Provided records:
..........

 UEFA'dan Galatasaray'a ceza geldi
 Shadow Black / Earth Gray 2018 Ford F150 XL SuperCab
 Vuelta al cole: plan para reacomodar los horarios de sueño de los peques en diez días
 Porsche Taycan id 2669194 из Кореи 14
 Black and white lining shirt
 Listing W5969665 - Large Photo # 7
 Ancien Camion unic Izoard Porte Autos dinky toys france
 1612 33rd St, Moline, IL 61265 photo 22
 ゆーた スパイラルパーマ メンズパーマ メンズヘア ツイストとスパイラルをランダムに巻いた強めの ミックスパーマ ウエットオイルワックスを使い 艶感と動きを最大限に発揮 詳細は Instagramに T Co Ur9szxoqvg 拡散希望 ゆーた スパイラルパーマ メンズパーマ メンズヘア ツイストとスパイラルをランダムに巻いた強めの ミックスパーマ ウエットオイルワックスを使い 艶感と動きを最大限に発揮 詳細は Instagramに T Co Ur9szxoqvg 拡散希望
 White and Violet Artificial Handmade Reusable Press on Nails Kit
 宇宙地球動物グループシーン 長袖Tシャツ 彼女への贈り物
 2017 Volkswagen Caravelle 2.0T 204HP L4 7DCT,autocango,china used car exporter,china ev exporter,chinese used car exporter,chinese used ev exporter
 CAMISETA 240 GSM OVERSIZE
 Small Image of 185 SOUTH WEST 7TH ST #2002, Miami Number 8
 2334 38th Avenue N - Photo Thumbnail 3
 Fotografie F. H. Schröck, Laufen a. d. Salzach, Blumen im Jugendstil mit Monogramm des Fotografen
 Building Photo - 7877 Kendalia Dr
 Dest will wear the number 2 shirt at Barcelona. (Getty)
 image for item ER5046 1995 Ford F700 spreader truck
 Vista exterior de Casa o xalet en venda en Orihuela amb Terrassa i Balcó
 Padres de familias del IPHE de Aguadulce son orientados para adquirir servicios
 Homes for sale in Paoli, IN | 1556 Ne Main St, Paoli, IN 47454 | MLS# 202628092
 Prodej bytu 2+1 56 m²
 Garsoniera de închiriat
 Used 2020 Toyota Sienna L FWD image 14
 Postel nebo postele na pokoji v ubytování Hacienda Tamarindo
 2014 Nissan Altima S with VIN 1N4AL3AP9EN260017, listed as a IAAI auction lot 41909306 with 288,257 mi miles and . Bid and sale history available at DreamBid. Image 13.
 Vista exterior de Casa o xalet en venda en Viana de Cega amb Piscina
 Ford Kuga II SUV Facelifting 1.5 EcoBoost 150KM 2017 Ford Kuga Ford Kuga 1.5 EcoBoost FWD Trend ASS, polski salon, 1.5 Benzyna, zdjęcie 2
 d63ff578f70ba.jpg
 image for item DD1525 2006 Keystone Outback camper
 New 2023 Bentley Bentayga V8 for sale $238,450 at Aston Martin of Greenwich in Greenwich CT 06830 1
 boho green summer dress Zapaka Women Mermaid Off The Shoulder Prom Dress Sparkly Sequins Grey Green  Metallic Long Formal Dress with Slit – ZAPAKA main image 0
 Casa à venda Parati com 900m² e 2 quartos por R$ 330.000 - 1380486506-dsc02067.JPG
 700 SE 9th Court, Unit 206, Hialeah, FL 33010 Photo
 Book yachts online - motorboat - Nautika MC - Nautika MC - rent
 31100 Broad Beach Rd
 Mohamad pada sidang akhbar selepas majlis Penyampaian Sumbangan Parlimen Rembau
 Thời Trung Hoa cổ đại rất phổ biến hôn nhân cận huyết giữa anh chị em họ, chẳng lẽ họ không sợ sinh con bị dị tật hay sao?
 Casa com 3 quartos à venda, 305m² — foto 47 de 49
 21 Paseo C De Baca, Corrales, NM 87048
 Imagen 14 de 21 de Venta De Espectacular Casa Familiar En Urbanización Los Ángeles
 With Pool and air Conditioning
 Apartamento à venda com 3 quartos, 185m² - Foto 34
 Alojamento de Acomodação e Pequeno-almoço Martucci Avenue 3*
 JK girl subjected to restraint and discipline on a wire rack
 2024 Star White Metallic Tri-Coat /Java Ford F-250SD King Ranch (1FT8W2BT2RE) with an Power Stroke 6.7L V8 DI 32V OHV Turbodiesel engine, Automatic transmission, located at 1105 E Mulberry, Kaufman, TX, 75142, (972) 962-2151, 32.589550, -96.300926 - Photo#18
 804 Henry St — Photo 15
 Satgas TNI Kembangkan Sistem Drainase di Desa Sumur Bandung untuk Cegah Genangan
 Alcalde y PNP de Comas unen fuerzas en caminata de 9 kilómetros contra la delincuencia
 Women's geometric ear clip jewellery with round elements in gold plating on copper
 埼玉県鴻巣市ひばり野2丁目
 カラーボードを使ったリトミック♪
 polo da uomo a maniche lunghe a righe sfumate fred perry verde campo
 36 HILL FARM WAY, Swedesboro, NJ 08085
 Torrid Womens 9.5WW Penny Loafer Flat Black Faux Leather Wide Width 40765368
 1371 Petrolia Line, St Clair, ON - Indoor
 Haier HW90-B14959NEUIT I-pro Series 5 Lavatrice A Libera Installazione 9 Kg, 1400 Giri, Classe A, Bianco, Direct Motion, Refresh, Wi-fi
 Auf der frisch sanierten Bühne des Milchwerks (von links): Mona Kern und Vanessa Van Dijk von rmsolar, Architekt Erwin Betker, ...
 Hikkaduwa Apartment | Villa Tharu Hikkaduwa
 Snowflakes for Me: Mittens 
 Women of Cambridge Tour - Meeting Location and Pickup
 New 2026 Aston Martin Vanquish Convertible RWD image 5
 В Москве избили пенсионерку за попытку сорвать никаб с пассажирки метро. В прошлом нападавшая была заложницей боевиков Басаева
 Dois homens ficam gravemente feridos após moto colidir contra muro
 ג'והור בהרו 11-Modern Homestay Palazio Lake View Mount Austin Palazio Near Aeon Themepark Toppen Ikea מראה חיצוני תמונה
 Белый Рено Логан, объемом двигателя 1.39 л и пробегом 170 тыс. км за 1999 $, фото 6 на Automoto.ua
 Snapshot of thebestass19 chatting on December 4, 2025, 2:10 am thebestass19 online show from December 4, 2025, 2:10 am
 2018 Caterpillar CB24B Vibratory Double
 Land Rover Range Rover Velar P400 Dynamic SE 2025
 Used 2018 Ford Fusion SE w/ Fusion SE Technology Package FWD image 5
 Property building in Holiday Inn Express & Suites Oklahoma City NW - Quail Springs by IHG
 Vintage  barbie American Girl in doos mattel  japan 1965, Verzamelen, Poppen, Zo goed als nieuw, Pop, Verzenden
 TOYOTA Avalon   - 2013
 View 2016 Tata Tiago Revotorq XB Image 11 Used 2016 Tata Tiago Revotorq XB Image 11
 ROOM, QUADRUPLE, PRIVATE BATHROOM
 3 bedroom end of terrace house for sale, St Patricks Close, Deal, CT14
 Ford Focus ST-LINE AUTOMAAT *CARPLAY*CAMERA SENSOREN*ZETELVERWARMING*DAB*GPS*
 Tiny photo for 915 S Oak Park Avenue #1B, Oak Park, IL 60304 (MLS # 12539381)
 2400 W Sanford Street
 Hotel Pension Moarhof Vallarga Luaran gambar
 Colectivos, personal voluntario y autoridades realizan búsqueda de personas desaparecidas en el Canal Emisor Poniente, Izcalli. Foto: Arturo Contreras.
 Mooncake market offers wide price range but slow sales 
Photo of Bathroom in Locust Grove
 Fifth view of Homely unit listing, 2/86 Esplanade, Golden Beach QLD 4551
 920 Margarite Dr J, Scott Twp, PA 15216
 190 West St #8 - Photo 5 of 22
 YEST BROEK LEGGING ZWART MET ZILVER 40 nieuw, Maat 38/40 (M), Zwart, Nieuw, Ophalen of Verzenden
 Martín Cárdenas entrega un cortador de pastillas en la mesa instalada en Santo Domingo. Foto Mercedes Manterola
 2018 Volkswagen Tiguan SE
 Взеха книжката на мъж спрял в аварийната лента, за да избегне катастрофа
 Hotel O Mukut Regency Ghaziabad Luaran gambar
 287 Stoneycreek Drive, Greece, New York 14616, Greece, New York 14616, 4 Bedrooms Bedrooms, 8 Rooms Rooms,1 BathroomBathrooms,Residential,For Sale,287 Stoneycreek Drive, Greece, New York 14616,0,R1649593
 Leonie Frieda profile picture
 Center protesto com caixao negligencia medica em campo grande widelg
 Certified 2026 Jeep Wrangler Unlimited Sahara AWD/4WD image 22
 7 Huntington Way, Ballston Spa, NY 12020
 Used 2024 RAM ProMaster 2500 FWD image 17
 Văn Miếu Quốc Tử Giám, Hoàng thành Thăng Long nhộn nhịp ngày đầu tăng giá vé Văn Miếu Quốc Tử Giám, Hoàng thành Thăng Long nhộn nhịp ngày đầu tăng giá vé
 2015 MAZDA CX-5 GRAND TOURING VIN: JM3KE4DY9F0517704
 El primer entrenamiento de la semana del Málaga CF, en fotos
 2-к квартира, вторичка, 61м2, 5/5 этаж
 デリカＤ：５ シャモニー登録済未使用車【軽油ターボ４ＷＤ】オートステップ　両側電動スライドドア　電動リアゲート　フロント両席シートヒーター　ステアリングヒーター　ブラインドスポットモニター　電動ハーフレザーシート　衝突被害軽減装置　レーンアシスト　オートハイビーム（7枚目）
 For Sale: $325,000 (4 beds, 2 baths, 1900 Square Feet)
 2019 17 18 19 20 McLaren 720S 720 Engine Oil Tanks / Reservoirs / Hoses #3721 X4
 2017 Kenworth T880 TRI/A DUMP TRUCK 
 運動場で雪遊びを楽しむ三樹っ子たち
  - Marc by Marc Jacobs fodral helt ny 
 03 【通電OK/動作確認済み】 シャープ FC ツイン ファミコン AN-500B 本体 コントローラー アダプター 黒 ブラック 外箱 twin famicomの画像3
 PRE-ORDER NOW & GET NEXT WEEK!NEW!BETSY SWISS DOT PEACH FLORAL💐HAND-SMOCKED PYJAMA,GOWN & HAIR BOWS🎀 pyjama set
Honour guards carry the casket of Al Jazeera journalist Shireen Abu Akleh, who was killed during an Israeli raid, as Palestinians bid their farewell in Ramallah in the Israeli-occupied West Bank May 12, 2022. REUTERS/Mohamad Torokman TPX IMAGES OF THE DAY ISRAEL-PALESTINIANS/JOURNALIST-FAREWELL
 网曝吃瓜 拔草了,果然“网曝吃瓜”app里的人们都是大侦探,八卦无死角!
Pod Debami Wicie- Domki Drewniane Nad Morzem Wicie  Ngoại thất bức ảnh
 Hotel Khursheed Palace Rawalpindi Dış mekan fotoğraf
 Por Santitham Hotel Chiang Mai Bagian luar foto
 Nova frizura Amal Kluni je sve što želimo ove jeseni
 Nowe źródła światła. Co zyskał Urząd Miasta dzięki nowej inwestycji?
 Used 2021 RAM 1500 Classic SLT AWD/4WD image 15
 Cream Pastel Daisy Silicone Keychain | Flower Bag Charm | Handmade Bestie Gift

..........

Directions: Please reproduce, exactly as they appear above, the lines from the line containing "boho green summer" up to and including the line containing "JK girl subjected".

Response to this exercise:
 boho green summer dress Zapaka Women Mermaid Off The Shoulder Prom Dress Sparkly Sequins Grey Green  Metallic Long Formal Dress with Slit – ZAPAKA main image 0
 Casa à venda Parati com 900m² e 2 quartos por R$ 330.000 - 1380486506-dsc02067.JPG
 700 SE 9th Court, Unit 206, Hialeah, FL 33010 Photo
 Book yachts online - motorboat - Nautika MC - Nautika MC - rent
 31100 Broad Beach Rd
 Mohamad pada sidang akhbar selepas majlis Penyampaian Sumbangan Parlimen Rembau
 Thời Trung Hoa cổ đại rất phổ biến hôn nhân cận huyết giữa anh chị em họ, chẳng lẽ họ không sợ sinh con bị dị tật hay sao?
 Casa com 3 quartos à venda, 305m² — foto 47 de 49
 21 Paseo C De Baca, Corrales, NM 87048
 Imagen 14 de 21 de Venta De Espectacular Casa Familiar En Urbanización Los Ángeles
 With Pool and air Conditioning
 Apartamento à venda com 3 quartos, 185m² - Foto 34
 Alojamento de Acomodação e Pequeno-almoço Martucci Avenue 3*
 JK girl subjected to restraint and discipline on a wire rack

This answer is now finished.